#### REQUIREMENT
Reproduce exactly the lines of this material that begin at the line with "Maison - 297 m² - 6 pièces" and end at the line with "内装 ◆隠された美しさ◆流麗", both included. Omit the pictures and everything else.

#### RECORDS FOR THE EXERCISE
+--

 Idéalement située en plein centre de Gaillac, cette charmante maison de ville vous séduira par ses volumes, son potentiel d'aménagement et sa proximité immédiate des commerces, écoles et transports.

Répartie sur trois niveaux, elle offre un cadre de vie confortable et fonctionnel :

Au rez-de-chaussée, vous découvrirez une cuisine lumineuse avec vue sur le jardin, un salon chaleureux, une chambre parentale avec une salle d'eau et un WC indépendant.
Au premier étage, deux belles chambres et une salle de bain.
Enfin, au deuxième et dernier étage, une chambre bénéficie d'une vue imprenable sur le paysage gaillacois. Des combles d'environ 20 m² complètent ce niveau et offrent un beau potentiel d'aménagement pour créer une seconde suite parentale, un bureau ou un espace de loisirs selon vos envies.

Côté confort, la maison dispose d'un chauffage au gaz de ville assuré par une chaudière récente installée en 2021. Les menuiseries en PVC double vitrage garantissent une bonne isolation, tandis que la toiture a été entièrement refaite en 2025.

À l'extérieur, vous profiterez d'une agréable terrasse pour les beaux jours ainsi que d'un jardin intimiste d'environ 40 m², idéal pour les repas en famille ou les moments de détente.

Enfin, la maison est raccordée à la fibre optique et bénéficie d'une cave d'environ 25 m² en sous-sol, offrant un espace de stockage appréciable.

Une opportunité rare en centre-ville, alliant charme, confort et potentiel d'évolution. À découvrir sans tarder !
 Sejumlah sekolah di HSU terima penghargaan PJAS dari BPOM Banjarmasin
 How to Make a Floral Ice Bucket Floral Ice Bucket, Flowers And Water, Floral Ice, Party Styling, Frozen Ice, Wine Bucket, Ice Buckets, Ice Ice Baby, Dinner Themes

+--

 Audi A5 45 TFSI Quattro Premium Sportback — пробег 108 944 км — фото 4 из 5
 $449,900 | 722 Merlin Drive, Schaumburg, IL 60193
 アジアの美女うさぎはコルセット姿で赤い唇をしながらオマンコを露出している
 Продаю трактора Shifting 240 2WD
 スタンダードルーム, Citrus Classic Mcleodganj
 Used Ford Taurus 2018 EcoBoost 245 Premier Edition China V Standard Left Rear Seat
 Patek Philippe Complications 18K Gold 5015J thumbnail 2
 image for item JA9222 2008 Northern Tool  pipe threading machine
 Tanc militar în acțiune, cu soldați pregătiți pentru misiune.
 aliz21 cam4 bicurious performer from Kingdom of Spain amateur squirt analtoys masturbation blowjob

+--

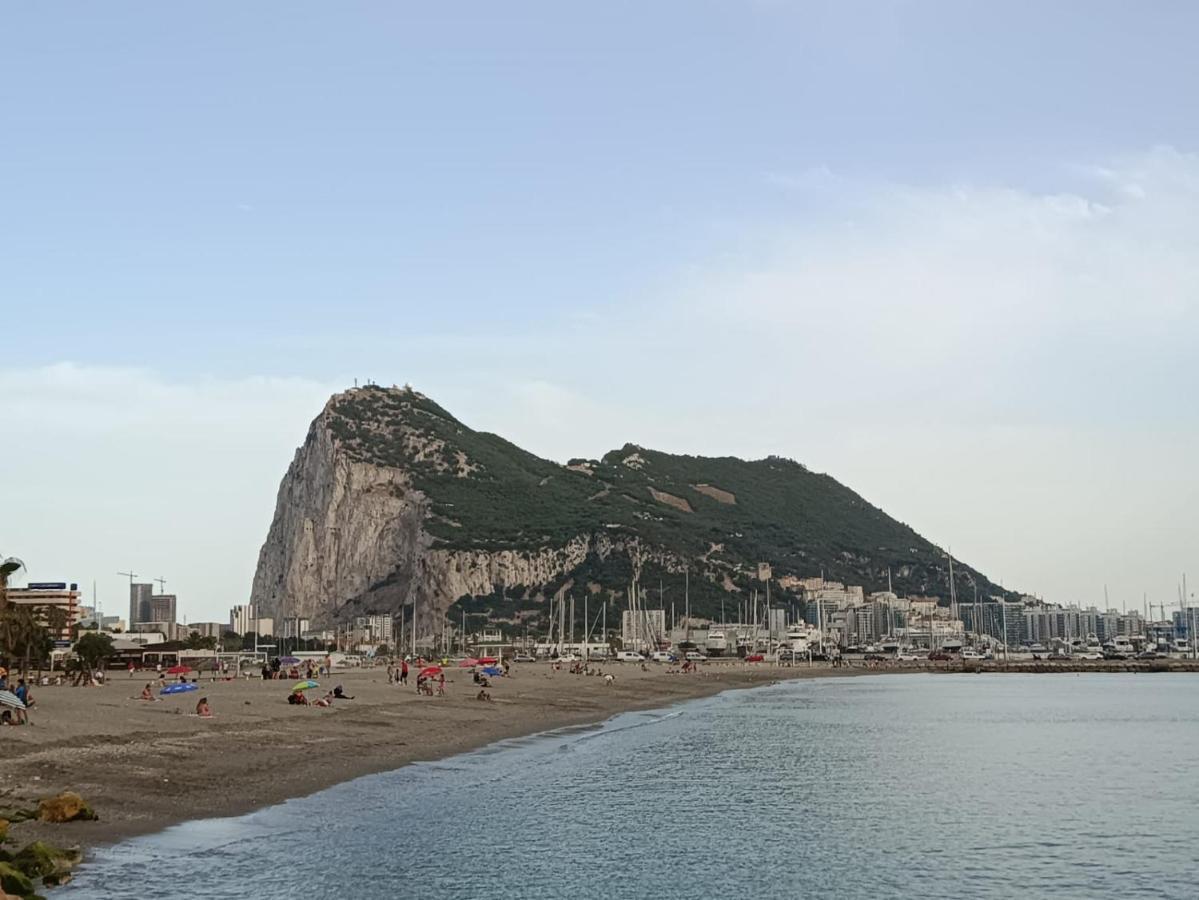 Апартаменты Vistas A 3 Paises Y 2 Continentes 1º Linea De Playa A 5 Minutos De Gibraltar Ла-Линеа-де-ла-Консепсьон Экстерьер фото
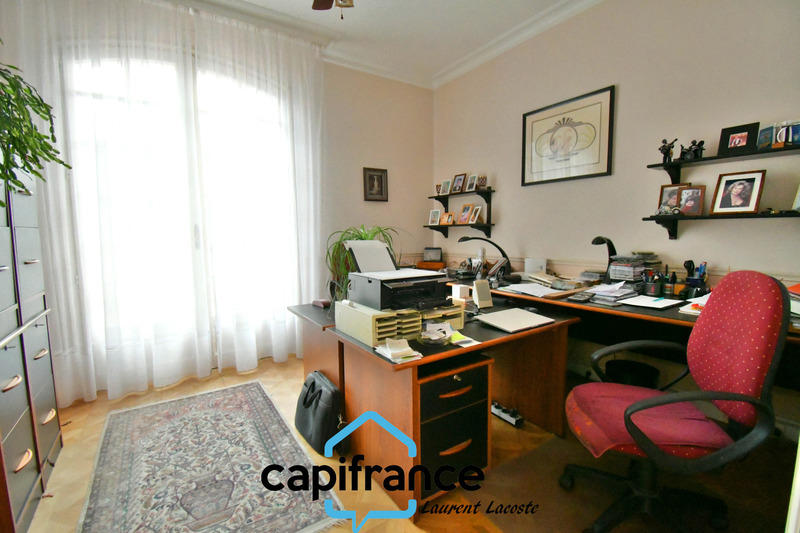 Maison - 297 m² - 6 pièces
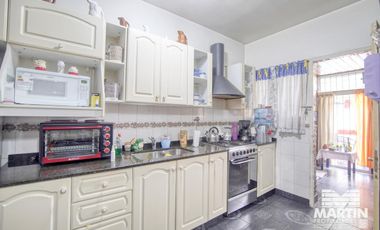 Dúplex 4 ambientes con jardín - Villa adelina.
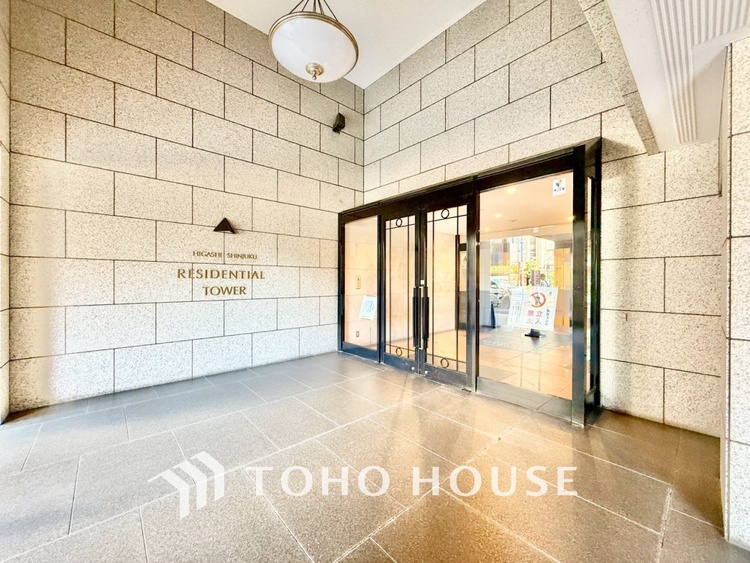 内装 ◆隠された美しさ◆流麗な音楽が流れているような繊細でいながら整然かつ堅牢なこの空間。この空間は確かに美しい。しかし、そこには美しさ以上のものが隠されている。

+--

#### RESULT
 Maison - 297 m² - 6 pièces
 Dúplex 4 ambientes con jardín - Villa adelina.
 内装 ◆隠された美しさ◆流麗な音楽が流れているような繊細でいながら整然かつ堅牢なこの空間。この空間は確かに美しい。しかし、そこには美しさ以上のものが隠されている。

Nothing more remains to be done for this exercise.